For years, spinach was misaligned as being a slimy, disgusting vegetable. When Popeye ate spinach, it was plain, chopped, canned spinach, which does indeed seem rather unappetizing. No wonder that it was seen as unappealing for adults and children alike. However, in the 1980s, spinach’s reputation began to slowly change. Between 1992 and 2002, the sale and consumption of spinach jumped 66 percent. People began to recognize the benefits of this healthy and delicious salad green. Additionally, the availability of prewashed and bagged spinach during that time period encouraged people to add spinach to their plates. Suddenly, it was easy to add spinach to your salad or smoothie or saute it in a pan to add it to a sauce.
If you have always been a person to whom “eat your spinach” was a threat, our recipe for Chicken Breasts with Creamy Spinach Sauce might be the recipe that helps you change your preconceived notions of what spinach is really like. In this recipe, the sauce is thick and creamy. The texture of the spinach is perfect, and it is flavored with garlic, parsley, and onion. Even if you are not a fan of spinach, this recipe will likely still be tolerated.

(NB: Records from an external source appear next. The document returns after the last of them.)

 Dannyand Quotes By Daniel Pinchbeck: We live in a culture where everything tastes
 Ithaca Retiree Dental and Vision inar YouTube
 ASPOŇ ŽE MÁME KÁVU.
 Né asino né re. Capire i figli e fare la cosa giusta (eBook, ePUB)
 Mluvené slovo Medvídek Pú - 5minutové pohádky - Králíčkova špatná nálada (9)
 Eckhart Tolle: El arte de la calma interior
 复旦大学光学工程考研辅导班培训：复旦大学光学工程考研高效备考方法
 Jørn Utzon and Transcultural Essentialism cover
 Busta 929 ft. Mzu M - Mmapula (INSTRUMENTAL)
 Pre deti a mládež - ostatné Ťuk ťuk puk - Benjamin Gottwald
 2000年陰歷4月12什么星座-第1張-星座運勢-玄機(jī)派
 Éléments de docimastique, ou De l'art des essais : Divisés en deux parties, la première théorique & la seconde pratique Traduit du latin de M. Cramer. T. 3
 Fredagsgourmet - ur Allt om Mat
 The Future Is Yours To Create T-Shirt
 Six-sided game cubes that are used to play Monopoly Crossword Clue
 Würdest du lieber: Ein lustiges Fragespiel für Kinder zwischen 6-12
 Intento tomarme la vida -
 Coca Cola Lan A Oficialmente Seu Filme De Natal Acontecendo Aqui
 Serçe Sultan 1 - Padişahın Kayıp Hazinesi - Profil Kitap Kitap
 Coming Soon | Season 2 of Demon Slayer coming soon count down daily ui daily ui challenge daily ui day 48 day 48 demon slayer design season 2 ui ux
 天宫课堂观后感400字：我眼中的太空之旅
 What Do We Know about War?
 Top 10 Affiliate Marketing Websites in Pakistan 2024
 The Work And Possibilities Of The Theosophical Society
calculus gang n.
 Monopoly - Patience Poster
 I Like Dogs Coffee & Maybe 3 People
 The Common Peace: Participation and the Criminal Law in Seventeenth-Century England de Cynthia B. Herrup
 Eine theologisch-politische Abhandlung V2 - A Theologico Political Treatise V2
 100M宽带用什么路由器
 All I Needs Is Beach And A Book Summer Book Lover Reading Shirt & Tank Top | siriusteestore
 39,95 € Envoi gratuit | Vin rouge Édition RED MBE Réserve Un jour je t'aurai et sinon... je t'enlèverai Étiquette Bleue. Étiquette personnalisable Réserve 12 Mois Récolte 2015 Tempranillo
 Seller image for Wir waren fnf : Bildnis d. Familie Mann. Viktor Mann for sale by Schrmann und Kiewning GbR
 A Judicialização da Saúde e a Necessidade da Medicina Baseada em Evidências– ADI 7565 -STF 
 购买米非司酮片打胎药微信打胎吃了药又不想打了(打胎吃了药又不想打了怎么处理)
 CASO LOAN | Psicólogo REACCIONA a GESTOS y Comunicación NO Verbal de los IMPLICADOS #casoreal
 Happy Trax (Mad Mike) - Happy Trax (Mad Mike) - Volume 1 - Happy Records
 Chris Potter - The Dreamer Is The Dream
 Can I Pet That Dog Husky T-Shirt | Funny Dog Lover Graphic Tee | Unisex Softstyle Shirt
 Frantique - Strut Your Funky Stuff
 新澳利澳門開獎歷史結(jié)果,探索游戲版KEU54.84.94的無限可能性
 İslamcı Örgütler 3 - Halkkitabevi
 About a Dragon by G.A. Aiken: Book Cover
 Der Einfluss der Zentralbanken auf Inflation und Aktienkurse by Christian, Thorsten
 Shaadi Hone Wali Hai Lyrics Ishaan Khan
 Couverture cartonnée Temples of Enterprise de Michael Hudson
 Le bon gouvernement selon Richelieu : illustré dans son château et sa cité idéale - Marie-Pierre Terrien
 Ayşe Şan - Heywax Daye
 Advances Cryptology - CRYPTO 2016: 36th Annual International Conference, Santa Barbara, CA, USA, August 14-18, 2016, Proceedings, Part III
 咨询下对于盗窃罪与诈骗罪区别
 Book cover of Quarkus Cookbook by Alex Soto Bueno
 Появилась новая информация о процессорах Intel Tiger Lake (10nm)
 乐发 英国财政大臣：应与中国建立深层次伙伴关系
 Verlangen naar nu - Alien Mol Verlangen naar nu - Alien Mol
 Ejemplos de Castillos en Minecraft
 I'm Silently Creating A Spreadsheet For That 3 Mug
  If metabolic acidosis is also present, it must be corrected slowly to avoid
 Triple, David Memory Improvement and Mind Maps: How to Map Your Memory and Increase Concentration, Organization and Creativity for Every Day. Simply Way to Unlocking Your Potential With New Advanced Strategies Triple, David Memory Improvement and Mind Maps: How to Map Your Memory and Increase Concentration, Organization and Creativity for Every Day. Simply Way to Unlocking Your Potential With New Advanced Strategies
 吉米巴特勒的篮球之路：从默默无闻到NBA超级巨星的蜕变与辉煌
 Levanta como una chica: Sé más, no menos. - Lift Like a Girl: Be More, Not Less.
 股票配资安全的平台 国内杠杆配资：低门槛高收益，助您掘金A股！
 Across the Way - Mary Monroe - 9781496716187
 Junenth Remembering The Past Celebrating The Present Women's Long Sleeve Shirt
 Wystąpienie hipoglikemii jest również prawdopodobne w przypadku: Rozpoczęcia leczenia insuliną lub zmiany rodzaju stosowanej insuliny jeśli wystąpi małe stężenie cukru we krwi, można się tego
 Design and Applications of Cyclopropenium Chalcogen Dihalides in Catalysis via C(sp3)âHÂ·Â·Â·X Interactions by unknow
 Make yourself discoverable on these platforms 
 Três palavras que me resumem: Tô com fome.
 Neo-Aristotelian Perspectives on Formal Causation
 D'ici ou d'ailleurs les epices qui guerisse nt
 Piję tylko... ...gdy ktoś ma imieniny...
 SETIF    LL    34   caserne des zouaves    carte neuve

For this recipe, we used boneless skinless chicken tenders. However, if you only have whole breasts on hand, you have a few options. First, you can cut the whole breasts into smaller pieces. These will cook in the allotted time. Another option is to sandwich the large, thick breasts between two pieces of plastic wrap and pound them thinner. You want them to be no thicker than ½ inch to help them cook completely in this recipe. The third option is to saute the breasts in the oil as directed and then bake them in a 350 degree oven for about 15 to 20 more minutes to fully cook them. Be sure to use a meat thermometer to test the doneness of the chicken so you can avoid over cooking and drying out the meat.
Notice in this recipe that we gave a range of measurements for the garlic. If you love garlic, choose to use the three teaspoons of garlic. If you like a milder flavored sauce, just use 1 or 2 teaspoons of minced garlic.